*** Opening of Extracted records ***

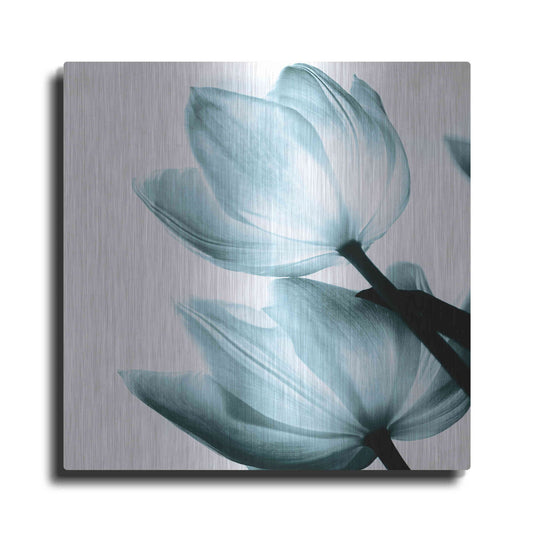 Luxe Metal Art 'Translucent Tulips II Aqua' by Debra Van Swearingen, Metal Wall Art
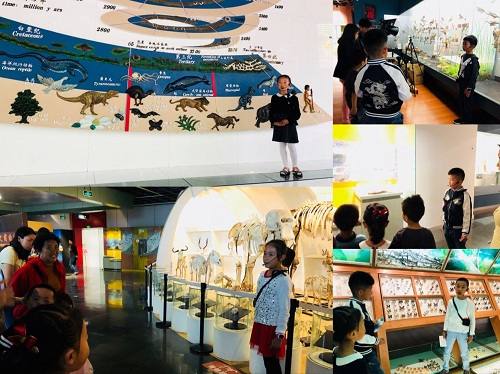 电子游戏app下载安装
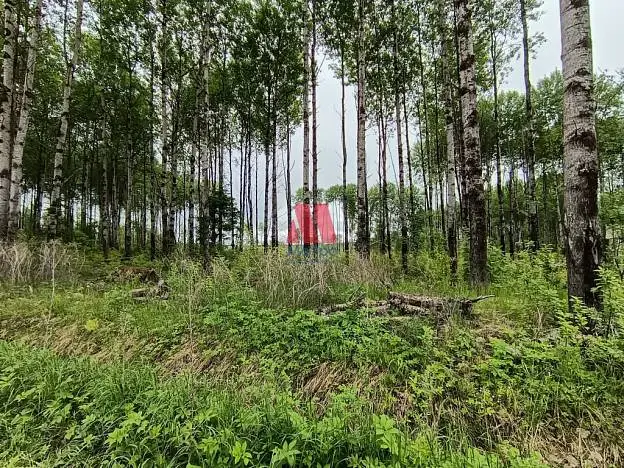 Участок, 10 сот.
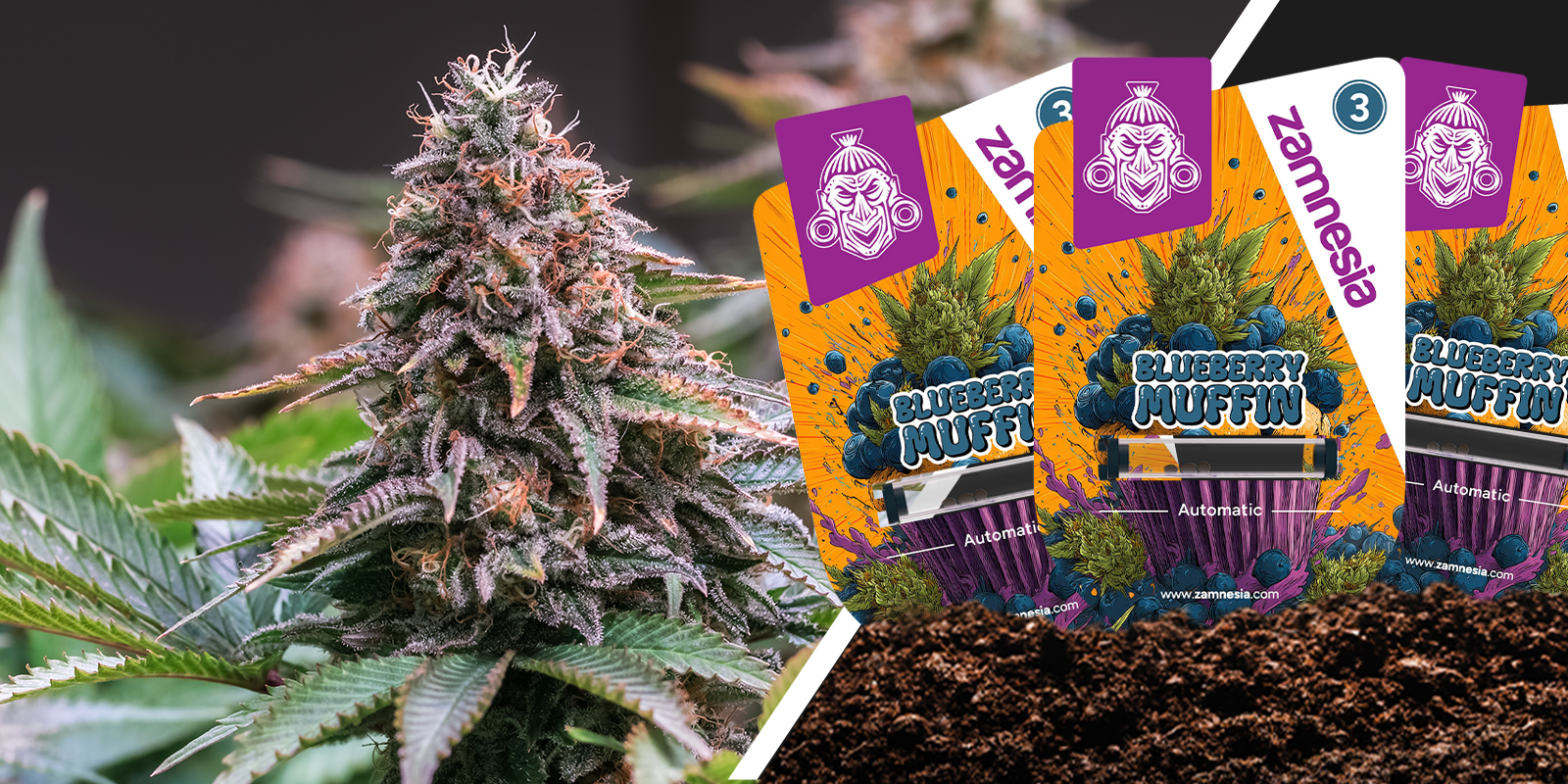 Blueberry Muffin : une douceur de baie dans chaque bouchée Blueberry Muffin : une douceur de baie dans chaque bouchée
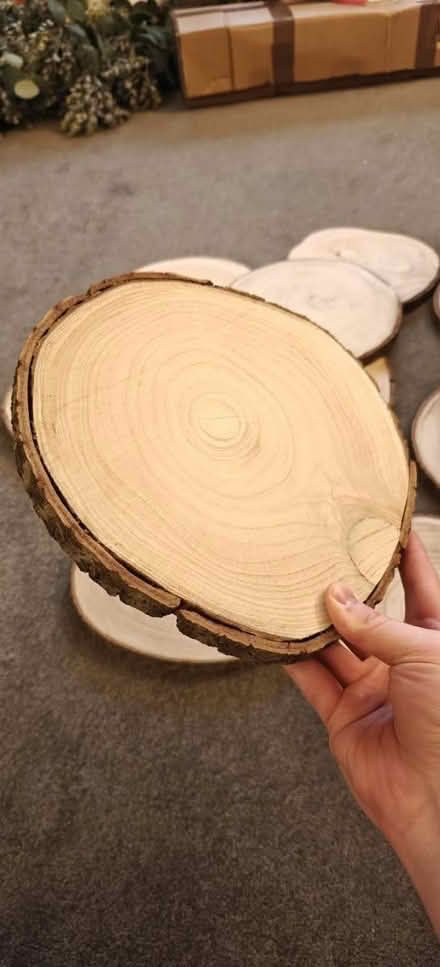Photo of free 11 Wood Slices (Natural with bark) (Kidderminster DY10) #2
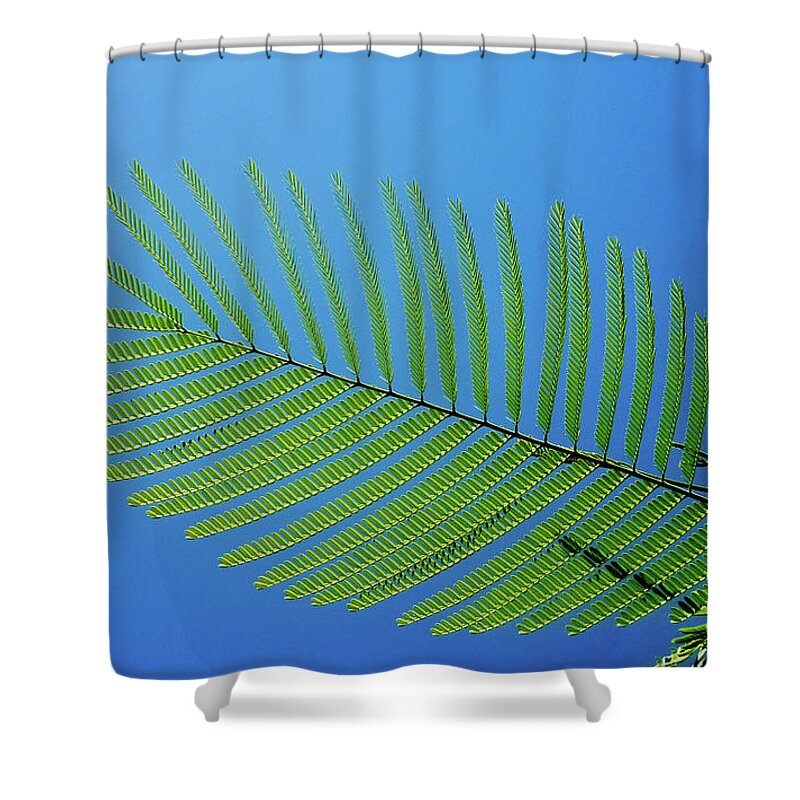 Pond Pine Shower Curtain featuring the photograph Pond Pine_2 by Pics By Tony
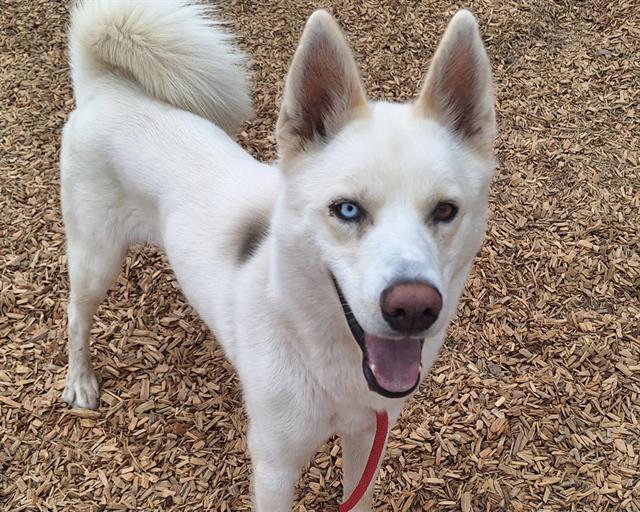 adoptable Dog in Albuquerque, NM named INDIO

*** Close of Extracted records ***

▶ Exercise directions: In the answer, include exactly the lines from the one containing "Pond Pine Shower" through the end of the records above and no pictures at all.

▶ Completed exercise:
 Pond Pine Shower Curtain featuring the photograph Pond Pine_2 by Pics By Tony
 adoptable Dog in Albuquerque, NM named INDIO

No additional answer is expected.